Capacity Planning for vCloud Deployments

TheVMinator · ‎10-28-2013

I'd like to get some feedback on capacity planning specific to vCloud deployments, such as implementing VCAC and self provisioning.

When you converted your environment from physical servers to virtual servers, there are structured processes and math you can do to properly size your clusters.

For example, in posts like this:

http://vmfocus.com/2013/09/01/vsphere-sizing-formula-cpu-ram/

Using approaches that are outlined like this, you can baseline your applications that are currently running on physical servers. You can look at their performance history and know exactly what their demands are. You can do that for each application that is currently running on a physical server. Then you can total those numbers together and understand how to size your ESXi compute cluster. This approach works well. However it is based on certain assumptions particular to the scenario where what is now a physical environment is going to become virtual.

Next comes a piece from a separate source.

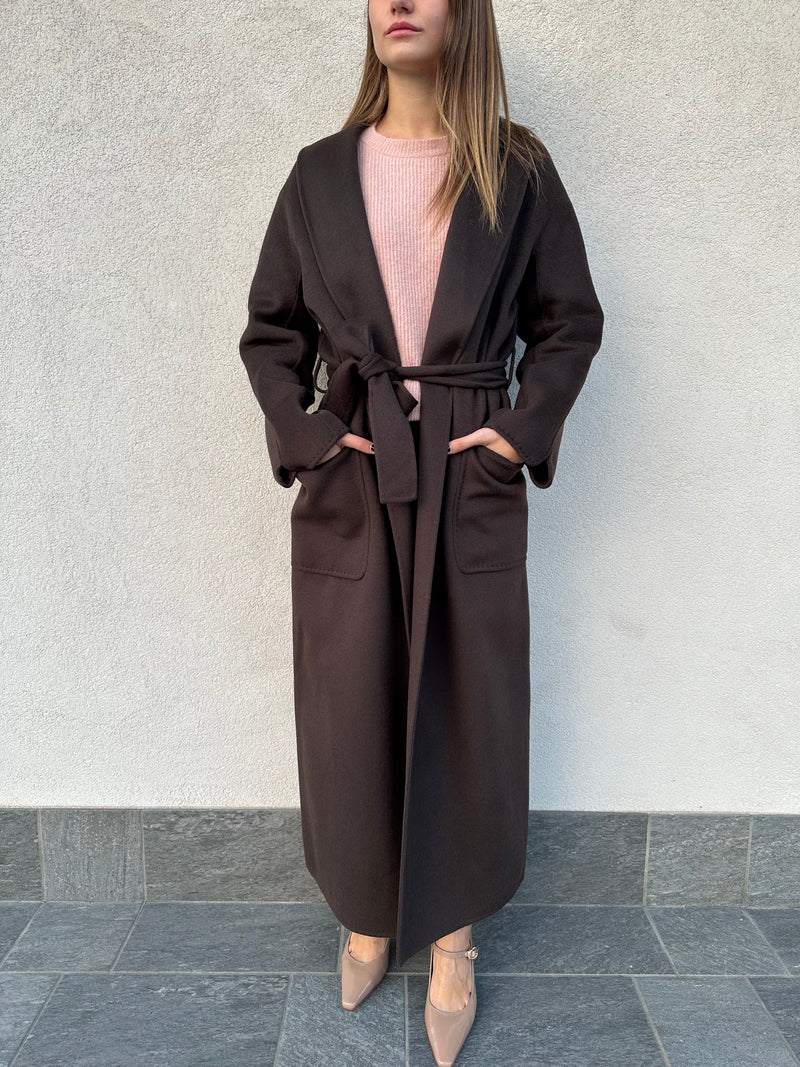 Cappotto vestaglia CIOCCOLATO - VICOLO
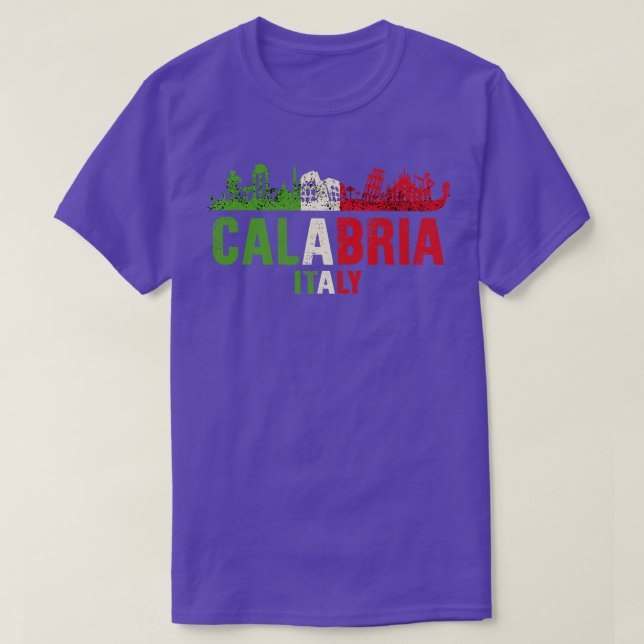 Calabria Italien T Shirt (Design framsida)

Some of these assumptions are:

The system you are capturing data on already exists on a physical server so that you can establish what its baseline performance needs are.
Because you can capture the data for all of your physical servers and combine them, you can use that total avg cpu and memory demand to help you decide how many physical servers you need in your ESXi compute clusters.
If you want to separate your clusters by putting VMs with high performance demand on a cluster with newer servers, and VMs which are test/dev or have lower performance demands on a cluster composed of older/cheaper servers, you can use the baselines you establish for what certain VMs will demand to help you decide how to break out your clusters. When you get done with your current state assessment for example, you may know that you need to run 50 of your VMs on high performance physical servers with faster CPUs, but 30 of your VMs don't demand a lot of CPUs and can best be combined on a cluster composed of older servers with slower CPUs that save money.

The goals of being able to plan ahead to know how many physical servers to buy, and how to break out your cluster, can be easily satisfied in this scenario.

Now suppose you are going to move to cloud and self provisioning. Now you have a different scenario:

Your environment is already virtualized and you provision VMs with vCenter Server. Up until now you have been getting requests far enough ahead to know what kind of VMs a business unit is going to request so that you can plan for the performance demands that application will have.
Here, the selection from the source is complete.